그래서 이를 실행해서 문서의 길이를 보면 우리가 지정한 대로 3개라는 것을 알 수 있다.
첫 번째 문서의 내용을 살펴보면

Document(page_content="cs229-qa@cs.stanford.edu. This goes to an acc ount that's read by all the TAs and me. So \nrather than sending us email individually, if you send email to this account, it will \nactually let us get back to you maximally quickly with answers to your questions. \nIf you're asking questions about homework probl ems, please say in the subject line which \nassignment and which question the email refers to, since that will also help us to route \nyour question to the appropriate TA or to me appropriately and get the response back to \nyou quickly. \nLet's see. Skipping ahead — let's see — for homework, one midterm, one open and term \nproject. Notice on the honor code. So one thi ng that I think will help you to succeed and \ndo well in this class and even help you to enjoy this cla ss more is if you form a study \ngroup. \nSo start looking around where you' re sitting now or at the end of class today, mingle a \nlittle bit and get to know your classmates. I strongly encourage you to form study groups \nand sort of have a group of people to study with and have a group of your fellow students \nto talk over these concepts with. You can also post on the class news group if you want to \nuse that to try to form a study group. \nBut some of the problems sets in this cla ss are reasonably difficult. People that have \ntaken the class before may tell you they were very difficult.
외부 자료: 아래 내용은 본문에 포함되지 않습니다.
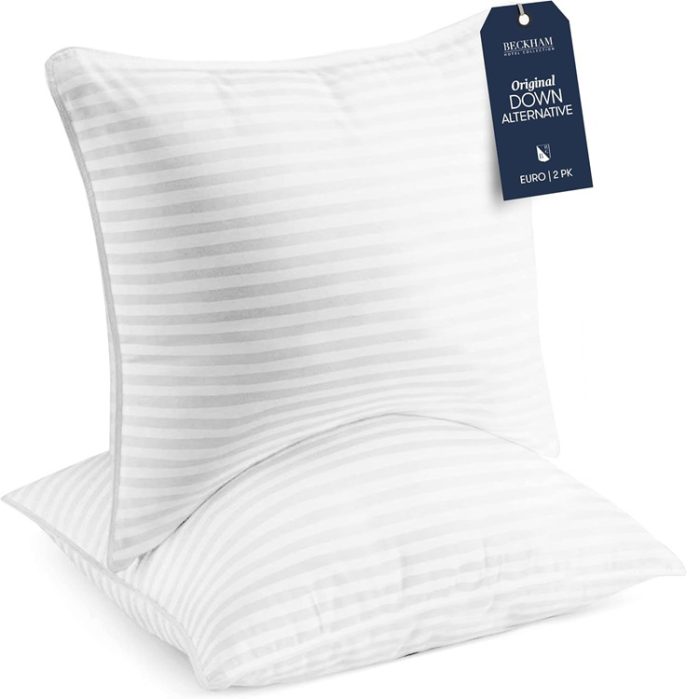 Set of 2 Beckham Hotel Collection Euro Size Throw Pillows 26 x 26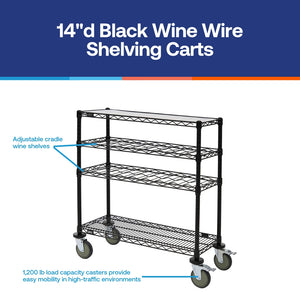 14"d Black Wine Wire Shelving Carts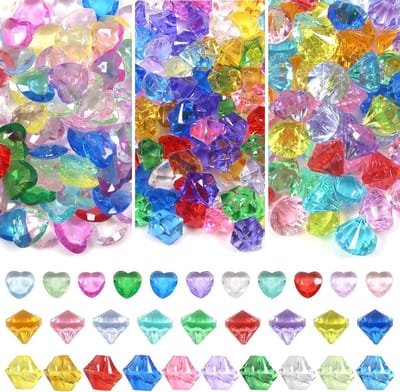300 Stuks Acrylaat Diamant Edelstenen in 3 Stijlen voor Decoratie van Vazen, Tafelversiering en DIY Ambachten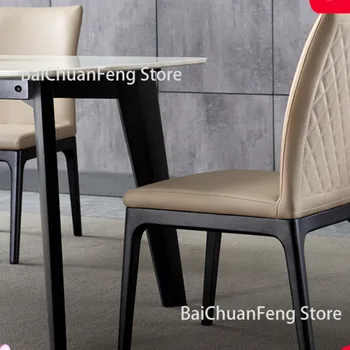 Обеденный стул со спинкой из массива дерева в скандинавском стиле, Мягкий Стул, Дизайнерский стул для ресторана, Современный Простой Обеденный Стул, Кухонная Мебель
And just I bet it would be \nmore fun for you, and you'd probably have a be tter learning experience if you form a", metadata={'page': 5, 'source': 'data/MachineLearning-Lecture01.pdf'})
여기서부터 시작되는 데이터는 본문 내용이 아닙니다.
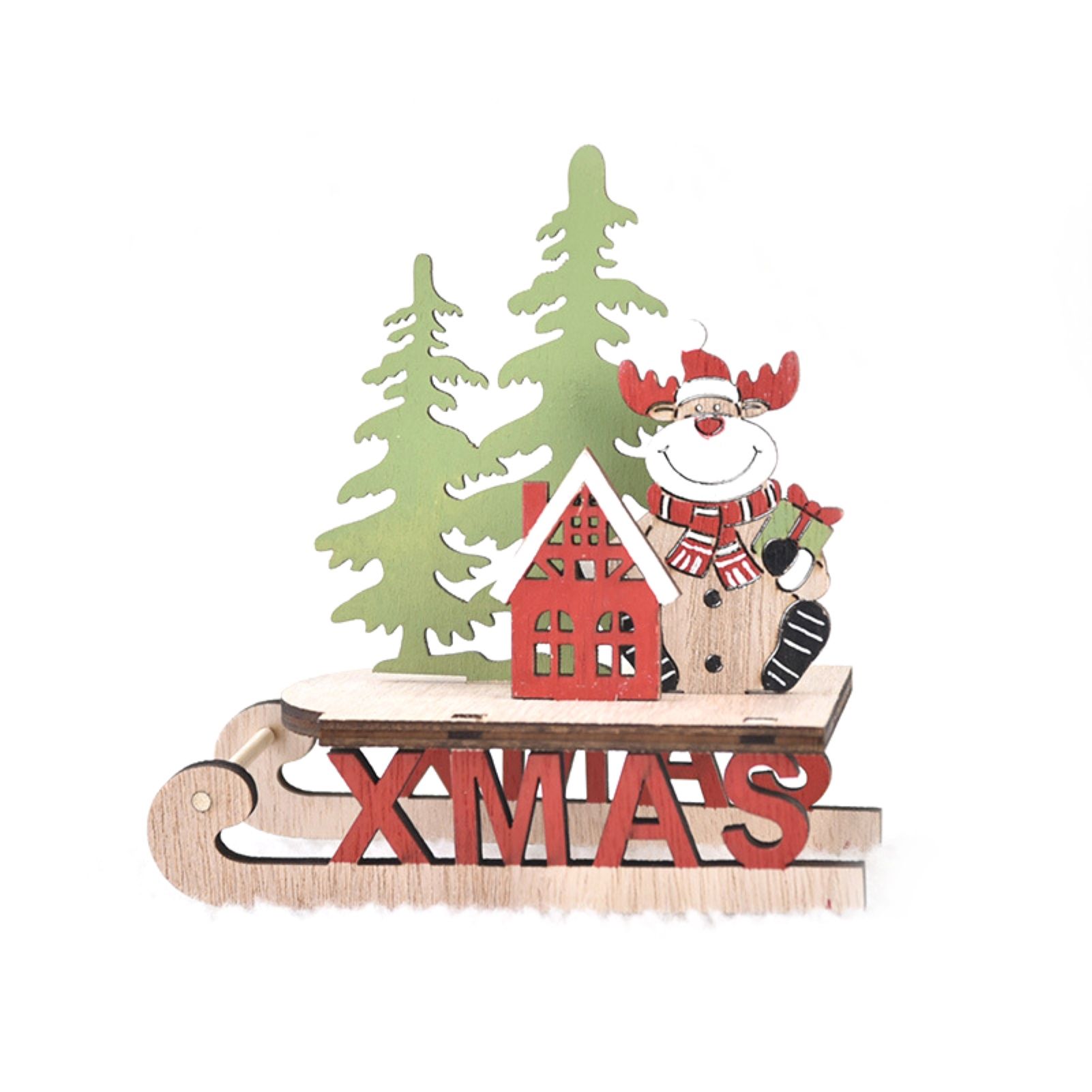 Cute Wood Sleigh Santa Claus Snowman Shape DIY Display Mold Christ Decor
실제로는 cs229-qa.cs.stanford.edu라는 이메일 주소에 관한 것임을 알 수 있다. 해당 이메일은 우리가 질문을 보낼 수 있고 모든 TA가 읽을 수 있는 이메일이다.

두번째는
Document(page_content="So all right, online resources. The class has a home page, so it's in on the handouts. I \nwon't write on the chalkboard — http:// cs229.stanford.edu. And so when there are \nhomework assignments or things like that, we usually won't sort of — in the mission of \nsaving trees, we will usually not give out many handouts in class. So homework \nassignments, homework solutions will be posted online at the course home page. \nAs far as this class, I've also written, a nd I guess I've also revised every year a set of \nfairly detailed lecture notes that cover the te chnical content of this class. And so if you \nvisit the course homepage, you'll also find the detailed lecture notes that go over in detail \nall the math and equations and so on that I'll be doing in class. \nThere's also a newsgroup, su.class.cs229, also written on the handout. This is a \nnewsgroup that's sort of a forum for people in the class to get to know each other and \nhave whatever discussions you want to ha ve amongst yourselves. So the class newsgroup \nwill not be monitored by the TAs and me. But this is a place for you to form study groups \nor find project partners or discuss homework problems and so on, and it's not monitored \nby the TAs and me. So feel free to ta lk trash about this class there. \nIf you want to contact the teaching staff, pl ease use the email address written down here, \ncs229-qa@cs.stanford.edu. This goes to an acc ount that's read by all the TAs and me. So", metadata={'page': 5, 'source': 'data/MachineLearning-Lecture01.pdf'})

세번째는
Document(page_content="over the last 15, 20 years in an electronic format. \nTurns out that most of you probably use learning algorithms — I don't know — I think \nhalf a dozen times a day or maybe a dozen times a day or more, and often without \nknowing it. So, for example, every time you se nd mail via the US Postal System, turns \nout there's an algorithm that tries to automa tically read the zip code you wrote on your \nenvelope, and that's done by a learning al gorithm. So every time you send US mail, you \nare using a learning algorithm, perhap s without even being aware of it.", metadata={'page': 2, 'source': 'data/MachineLearning-Lecture01.pdf'})

이다.

세번째는 이메일이 언급되어 있을 뿐이지 해당 답에 대한 답변이 나올 수 있는 청크가 아니지만, 첫번째와 두번째는 해당 내용의 청크인 것을 볼 수 있다.

vectordb.persist()

그런 다음 Vectordb.persist를 실행하여 향후 학습에서 사용할 수 있도록 벡터 데이터베이스를 유지해본다. 이는 의미론적 검색의 기본 사항을 다루었으며 임베딩만으로도 꽤 좋은 결과를 얻을 수 있음을 보여주었다.
하지만 여기까지 완벽하다고 볼 수 없다.

이건 아주 잘 나온 케이스이고,
실패 사례가 나올 수 있다.

◼︎ example code - fail case (1)

아래의 사례를 보면 실패할 수 있는 사례가 발생하는데,
question = "what did they say about matlab?"
matlab에 대해 무엇이라고 말하고 있는지에 대해 질문해보자.
k는 값을 좀 올려서 3 대신 5라고 지정해본다.

 question = "what did they say about matlab?"
 
docs = vectordb.similarity_search(question,k=5)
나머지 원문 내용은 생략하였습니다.